Johann Carl Friedrich Gauss

Johann Carl Friedrich Gauss, born 30 April 1777, was a German mathematician. Sometimes referred to as the Princeps mathematicorum (Latin for "the Prince of Mathematicians") Gauss had a remarkable influence in many fields of mathematics and science and is ranked as one of history's most influential mathematicians.
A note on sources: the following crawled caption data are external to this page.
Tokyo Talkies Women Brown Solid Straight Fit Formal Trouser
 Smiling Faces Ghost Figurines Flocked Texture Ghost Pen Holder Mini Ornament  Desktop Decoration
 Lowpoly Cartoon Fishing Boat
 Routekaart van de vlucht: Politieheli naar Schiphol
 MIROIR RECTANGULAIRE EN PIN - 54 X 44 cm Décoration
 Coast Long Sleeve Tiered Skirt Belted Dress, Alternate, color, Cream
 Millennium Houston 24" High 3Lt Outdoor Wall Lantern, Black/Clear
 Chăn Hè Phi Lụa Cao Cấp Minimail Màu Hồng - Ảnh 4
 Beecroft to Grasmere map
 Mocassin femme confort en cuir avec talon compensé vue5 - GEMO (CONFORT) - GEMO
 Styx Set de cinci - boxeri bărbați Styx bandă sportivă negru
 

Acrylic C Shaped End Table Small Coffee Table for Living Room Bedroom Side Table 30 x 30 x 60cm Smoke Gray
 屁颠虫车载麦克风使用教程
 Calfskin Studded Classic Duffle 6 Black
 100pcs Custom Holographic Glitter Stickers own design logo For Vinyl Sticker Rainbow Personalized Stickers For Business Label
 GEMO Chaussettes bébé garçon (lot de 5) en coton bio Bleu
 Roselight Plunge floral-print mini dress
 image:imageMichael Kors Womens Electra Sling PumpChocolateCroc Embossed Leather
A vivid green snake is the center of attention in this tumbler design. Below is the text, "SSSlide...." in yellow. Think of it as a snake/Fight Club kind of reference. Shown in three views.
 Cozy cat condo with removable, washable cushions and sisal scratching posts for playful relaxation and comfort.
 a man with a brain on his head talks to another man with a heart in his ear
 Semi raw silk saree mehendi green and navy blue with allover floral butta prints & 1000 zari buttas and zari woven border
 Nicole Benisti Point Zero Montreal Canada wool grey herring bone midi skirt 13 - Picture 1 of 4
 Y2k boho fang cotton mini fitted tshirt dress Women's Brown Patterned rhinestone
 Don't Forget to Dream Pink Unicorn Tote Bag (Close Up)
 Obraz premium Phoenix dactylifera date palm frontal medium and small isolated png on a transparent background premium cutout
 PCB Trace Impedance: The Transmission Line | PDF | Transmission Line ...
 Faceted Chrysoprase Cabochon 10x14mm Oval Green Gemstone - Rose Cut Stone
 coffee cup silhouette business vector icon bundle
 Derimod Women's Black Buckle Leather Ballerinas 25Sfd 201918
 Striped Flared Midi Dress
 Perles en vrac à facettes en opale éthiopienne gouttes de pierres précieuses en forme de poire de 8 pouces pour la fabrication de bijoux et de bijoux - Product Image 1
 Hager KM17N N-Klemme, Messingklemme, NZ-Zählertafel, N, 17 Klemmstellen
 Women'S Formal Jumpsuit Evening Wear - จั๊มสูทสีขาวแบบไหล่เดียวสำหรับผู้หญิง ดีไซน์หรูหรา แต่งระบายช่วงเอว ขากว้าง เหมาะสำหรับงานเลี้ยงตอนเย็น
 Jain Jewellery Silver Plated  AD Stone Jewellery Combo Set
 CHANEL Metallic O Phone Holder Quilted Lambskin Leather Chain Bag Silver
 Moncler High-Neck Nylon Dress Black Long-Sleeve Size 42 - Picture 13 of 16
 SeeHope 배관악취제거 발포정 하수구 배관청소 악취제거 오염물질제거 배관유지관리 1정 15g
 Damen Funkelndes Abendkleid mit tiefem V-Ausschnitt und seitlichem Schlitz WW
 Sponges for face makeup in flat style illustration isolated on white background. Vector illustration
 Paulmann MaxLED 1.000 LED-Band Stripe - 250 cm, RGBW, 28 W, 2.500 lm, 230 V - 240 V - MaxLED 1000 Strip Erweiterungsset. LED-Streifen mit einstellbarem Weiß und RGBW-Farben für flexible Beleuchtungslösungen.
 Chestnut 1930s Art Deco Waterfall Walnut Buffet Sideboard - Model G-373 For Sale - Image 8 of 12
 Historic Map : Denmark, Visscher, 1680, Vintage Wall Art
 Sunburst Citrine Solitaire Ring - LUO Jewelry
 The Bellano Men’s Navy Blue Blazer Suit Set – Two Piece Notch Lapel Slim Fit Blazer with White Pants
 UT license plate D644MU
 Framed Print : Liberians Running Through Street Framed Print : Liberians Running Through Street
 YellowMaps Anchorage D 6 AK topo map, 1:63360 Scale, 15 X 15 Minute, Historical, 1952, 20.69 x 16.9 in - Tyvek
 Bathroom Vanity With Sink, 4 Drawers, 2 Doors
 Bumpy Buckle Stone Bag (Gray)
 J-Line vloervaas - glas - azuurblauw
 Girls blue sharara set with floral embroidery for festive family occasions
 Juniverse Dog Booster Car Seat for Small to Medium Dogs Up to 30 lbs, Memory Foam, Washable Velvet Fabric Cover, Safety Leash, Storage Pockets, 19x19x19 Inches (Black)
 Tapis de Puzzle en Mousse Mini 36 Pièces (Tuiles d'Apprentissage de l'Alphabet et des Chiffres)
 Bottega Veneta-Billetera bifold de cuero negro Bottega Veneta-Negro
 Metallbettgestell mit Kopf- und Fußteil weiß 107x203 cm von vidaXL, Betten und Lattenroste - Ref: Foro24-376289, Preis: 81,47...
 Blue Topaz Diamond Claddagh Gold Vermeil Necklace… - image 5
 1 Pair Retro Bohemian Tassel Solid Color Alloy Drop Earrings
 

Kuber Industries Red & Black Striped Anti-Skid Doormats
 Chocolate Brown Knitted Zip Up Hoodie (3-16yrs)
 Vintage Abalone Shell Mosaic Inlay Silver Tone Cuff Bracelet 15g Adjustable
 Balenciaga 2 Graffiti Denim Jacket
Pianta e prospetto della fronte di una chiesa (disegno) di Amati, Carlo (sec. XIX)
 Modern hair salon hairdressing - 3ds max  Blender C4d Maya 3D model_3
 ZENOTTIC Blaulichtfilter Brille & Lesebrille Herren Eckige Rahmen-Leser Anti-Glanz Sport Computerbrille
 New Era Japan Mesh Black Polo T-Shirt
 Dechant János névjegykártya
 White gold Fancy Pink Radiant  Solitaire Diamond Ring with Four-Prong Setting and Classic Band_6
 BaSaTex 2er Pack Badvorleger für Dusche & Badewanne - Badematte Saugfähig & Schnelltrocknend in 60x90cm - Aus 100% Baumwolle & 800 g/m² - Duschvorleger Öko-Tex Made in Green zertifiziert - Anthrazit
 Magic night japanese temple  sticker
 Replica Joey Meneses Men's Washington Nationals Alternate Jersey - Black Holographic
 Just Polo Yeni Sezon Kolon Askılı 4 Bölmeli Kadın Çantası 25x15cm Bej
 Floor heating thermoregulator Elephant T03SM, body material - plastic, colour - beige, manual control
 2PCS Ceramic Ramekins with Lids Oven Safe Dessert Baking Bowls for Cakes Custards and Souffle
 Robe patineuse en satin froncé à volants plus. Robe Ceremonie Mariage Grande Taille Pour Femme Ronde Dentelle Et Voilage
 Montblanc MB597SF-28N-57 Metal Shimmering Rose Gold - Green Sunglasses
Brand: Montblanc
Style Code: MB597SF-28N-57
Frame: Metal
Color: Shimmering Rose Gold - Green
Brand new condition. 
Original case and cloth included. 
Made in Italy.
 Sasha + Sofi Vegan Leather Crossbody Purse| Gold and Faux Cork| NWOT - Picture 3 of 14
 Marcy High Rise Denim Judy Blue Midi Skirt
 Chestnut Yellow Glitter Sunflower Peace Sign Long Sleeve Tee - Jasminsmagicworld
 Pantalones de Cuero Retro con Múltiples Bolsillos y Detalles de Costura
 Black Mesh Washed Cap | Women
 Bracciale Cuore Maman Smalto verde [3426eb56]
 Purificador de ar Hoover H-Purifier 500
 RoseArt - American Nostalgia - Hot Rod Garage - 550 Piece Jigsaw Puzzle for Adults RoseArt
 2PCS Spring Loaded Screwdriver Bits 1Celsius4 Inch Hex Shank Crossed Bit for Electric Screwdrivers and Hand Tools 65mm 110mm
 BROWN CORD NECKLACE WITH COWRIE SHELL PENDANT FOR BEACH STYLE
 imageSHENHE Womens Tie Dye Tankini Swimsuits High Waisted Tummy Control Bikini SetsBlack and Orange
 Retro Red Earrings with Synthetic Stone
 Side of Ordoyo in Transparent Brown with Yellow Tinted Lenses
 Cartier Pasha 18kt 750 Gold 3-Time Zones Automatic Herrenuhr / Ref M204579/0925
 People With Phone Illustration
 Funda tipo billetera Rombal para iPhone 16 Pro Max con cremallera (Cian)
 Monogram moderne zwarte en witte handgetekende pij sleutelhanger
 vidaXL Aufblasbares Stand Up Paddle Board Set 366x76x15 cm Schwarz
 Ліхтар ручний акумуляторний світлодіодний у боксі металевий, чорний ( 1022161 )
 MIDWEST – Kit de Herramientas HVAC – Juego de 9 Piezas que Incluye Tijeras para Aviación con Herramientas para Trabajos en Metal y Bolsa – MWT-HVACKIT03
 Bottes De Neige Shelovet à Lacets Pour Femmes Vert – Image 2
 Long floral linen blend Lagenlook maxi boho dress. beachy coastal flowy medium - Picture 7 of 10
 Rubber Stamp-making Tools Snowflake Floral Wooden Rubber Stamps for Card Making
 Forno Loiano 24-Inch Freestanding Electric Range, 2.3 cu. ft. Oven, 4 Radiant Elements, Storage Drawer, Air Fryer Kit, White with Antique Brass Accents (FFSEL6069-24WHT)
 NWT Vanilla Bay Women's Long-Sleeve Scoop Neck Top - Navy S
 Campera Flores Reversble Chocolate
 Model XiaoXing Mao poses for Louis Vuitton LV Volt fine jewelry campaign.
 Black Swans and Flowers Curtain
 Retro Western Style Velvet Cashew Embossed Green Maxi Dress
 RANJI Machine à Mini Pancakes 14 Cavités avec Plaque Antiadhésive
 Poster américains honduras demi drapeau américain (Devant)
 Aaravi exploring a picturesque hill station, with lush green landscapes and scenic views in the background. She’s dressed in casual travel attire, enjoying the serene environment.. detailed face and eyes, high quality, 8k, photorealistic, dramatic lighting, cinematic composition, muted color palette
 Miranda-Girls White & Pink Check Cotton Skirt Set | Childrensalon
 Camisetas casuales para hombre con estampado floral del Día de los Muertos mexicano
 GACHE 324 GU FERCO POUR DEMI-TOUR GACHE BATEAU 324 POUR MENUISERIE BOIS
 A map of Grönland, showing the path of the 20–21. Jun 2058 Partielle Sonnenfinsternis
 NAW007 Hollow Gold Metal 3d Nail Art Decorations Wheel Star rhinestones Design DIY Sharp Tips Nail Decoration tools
Gauss developed the prime number theorem, which gives a good understanding of how prime numbers are distributed among integers. He also discovered that every positive integer is representable as a sum of at most three triangular numbers. On October first he published a result on the number of solutions of polynomials with coefficients in finite fields, which ultimately led to the Weil conjectures 150 years later. Gauss also made important contributions to number theory with his 1801 book Disquisitiones Arithmeticae (Latin for Arithmetical Investigations), which contained a clean presentation of modular arithmetic and the first proof of the law of quadratic reciprocity. Gauss is also responsible for the notion of the Gaussian curvature which is used in differential geometry. In 1835 Gauss did research in the field of physics where he developed Gauss's Law, also known as Gauss's flux theorem. It relates the distribution of electric charge to the resulting electric field, stating that the electric flux through any closed surface is proportional to the enclosed electric charge.

Gauss spent the years from 1845 to 1851 updating the Göttingen University widow's fund. This work gave him practical experience in financial matters, and he went on to make his fortune through shrewd investments in bonds issued by private companies.

Gauss died in Göttingen, Hannover (now part of Lower Saxony, Germany) in 1855 and is interred in the cemetery Albanifriedhof there. Two individuals gave eulogies at his funeral, Gauss's son-in-law Heinrich Ewald and Wolfgang Sartorius von Waltershausen, who was Gauss's close friend and biographer. His brain was preserved and was studied by Rudolf Wagner who found its mass to be 1,492 grams and the cerebral area equal to 219,588 square millimeters.